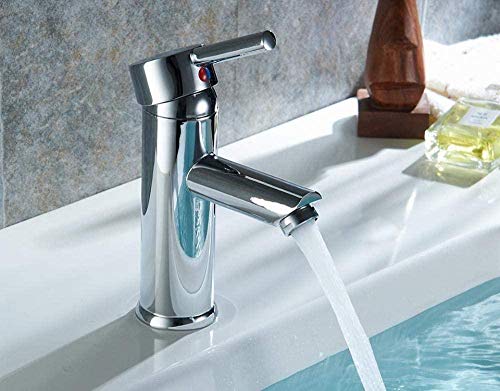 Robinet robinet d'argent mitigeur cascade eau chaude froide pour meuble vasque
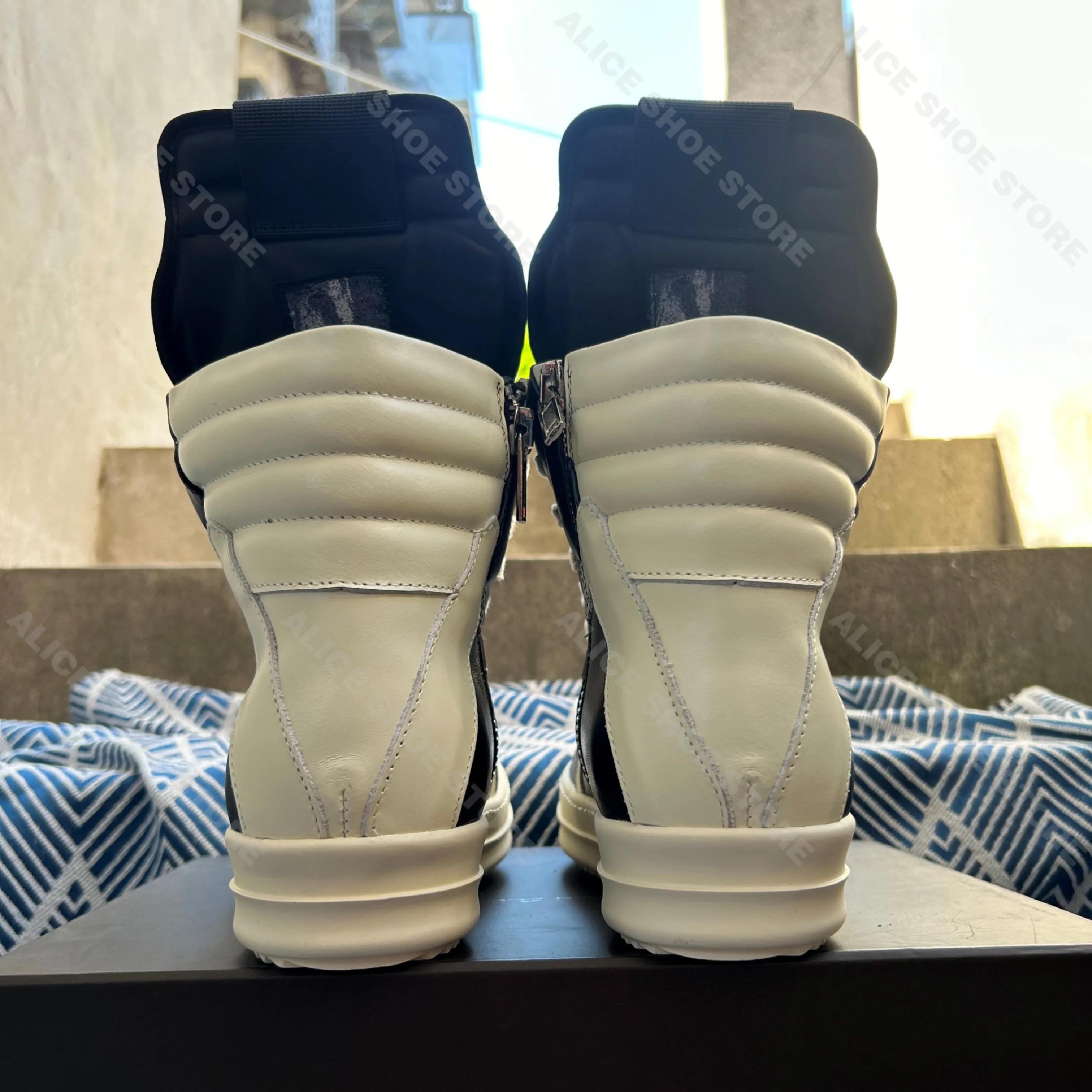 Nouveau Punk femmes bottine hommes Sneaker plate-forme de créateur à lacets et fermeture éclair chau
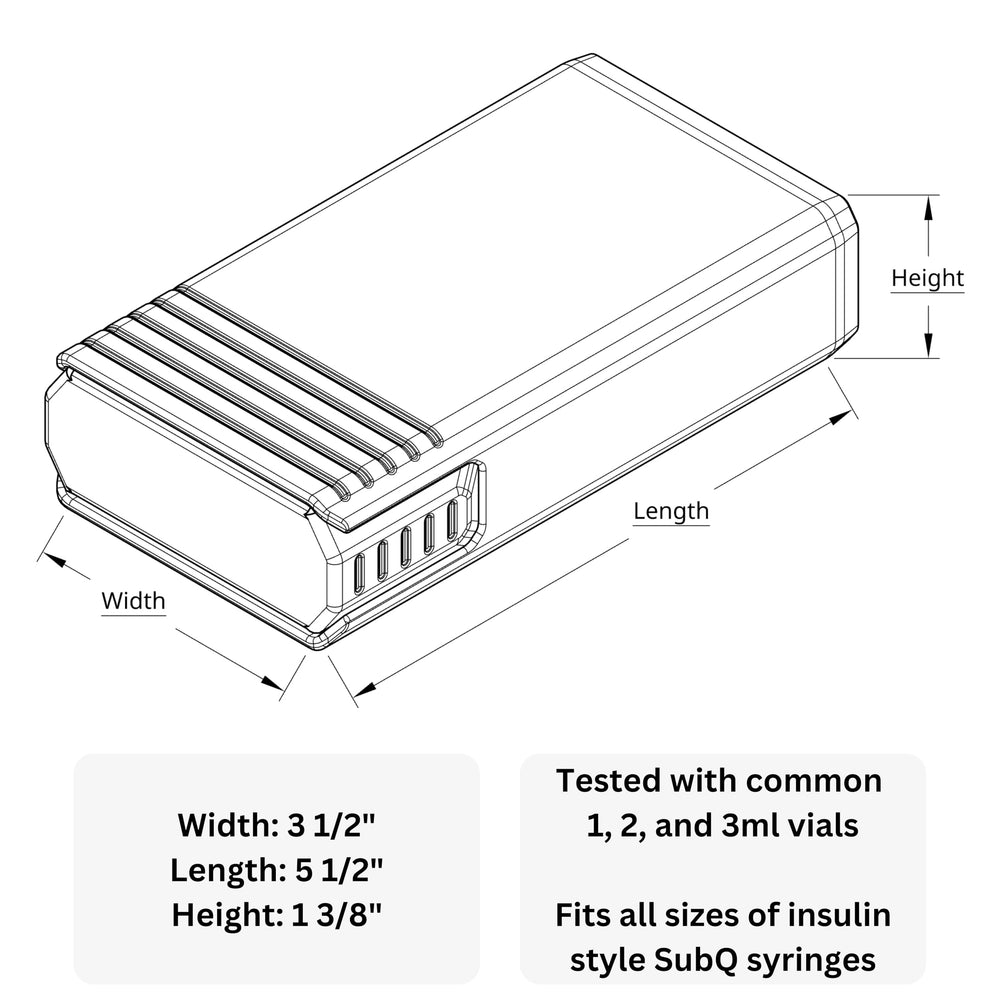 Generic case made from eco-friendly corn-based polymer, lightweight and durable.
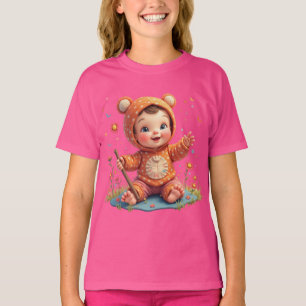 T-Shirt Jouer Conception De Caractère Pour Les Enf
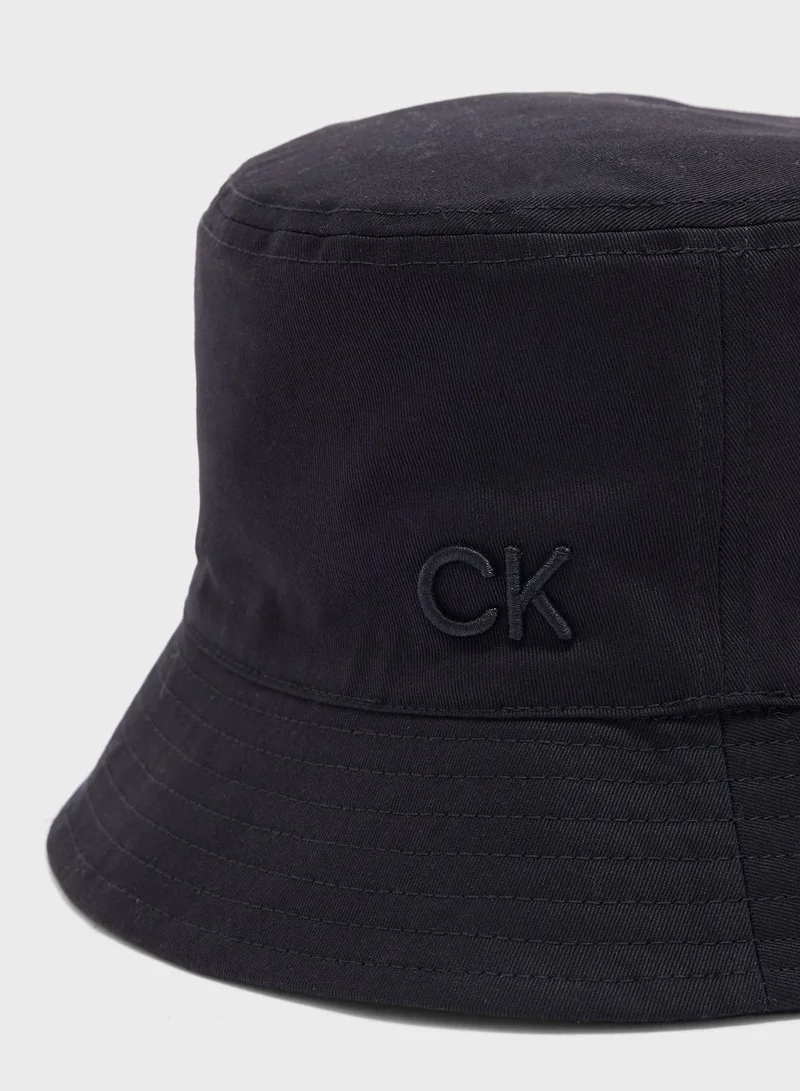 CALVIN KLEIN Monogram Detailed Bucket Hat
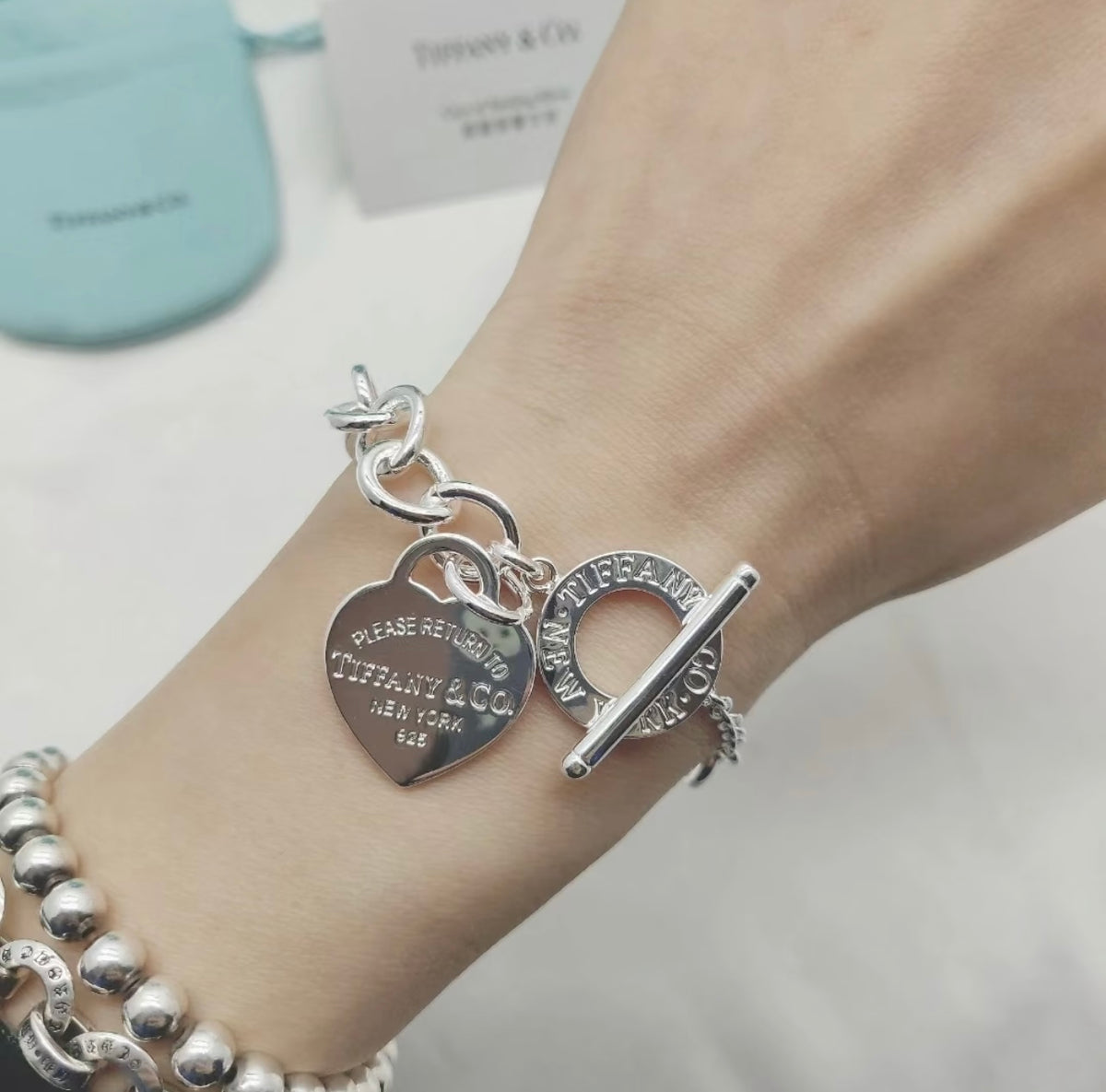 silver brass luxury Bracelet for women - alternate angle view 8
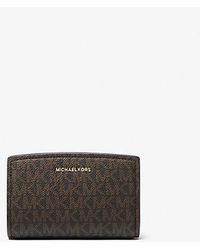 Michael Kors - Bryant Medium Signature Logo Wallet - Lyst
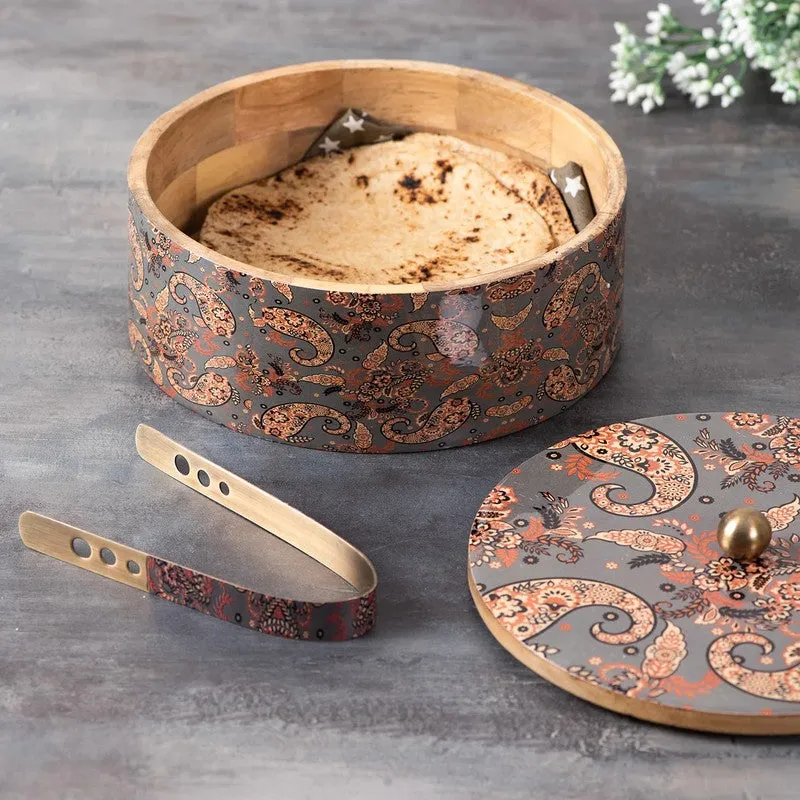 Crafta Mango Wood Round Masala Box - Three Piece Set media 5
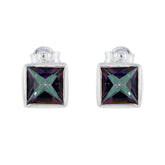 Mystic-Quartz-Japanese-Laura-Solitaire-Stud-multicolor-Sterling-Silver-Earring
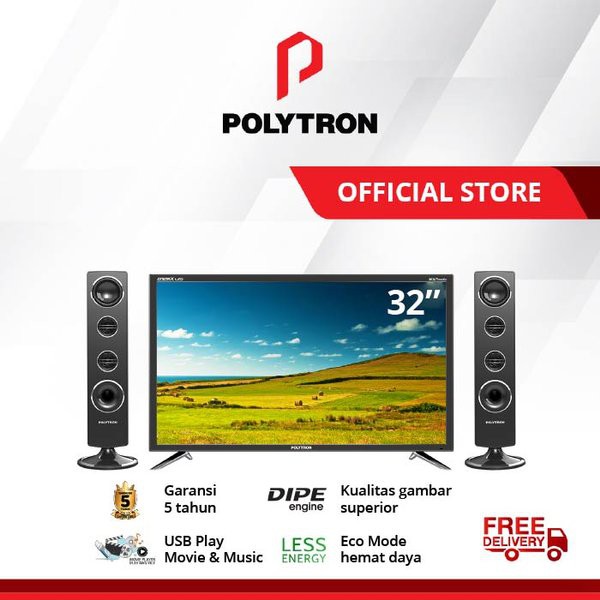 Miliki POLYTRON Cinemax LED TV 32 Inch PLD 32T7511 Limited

....

> **Activity**:
Should a picture appear among the entries, skip it and copy the rest exactly.

> **Your response**:
 Robinet robinet d'argent mitigeur cascade eau chaude froide pour meuble vasque
 Nouveau Punk femmes bottine hommes Sneaker plate-forme de créateur à lacets et fermeture éclair chau
 Generic case made from eco-friendly corn-based polymer, lightweight and durable.
 T-Shirt Jouer Conception De Caractère Pour Les Enf
 CALVIN KLEIN Monogram Detailed Bucket Hat
 silver brass luxury Bracelet for women - alternate angle view 8
 Michael Kors - Bryant Medium Signature Logo Wallet - Lyst
 Crafta Mango Wood Round Masala Box - Three Piece Set media 5
 Mystic-Quartz-Japanese-Laura-Solitaire-Stud-multicolor-Sterling-Silver-Earring
 Miliki POLYTRON Cinemax LED TV 32 Inch PLD 32T7511 Limited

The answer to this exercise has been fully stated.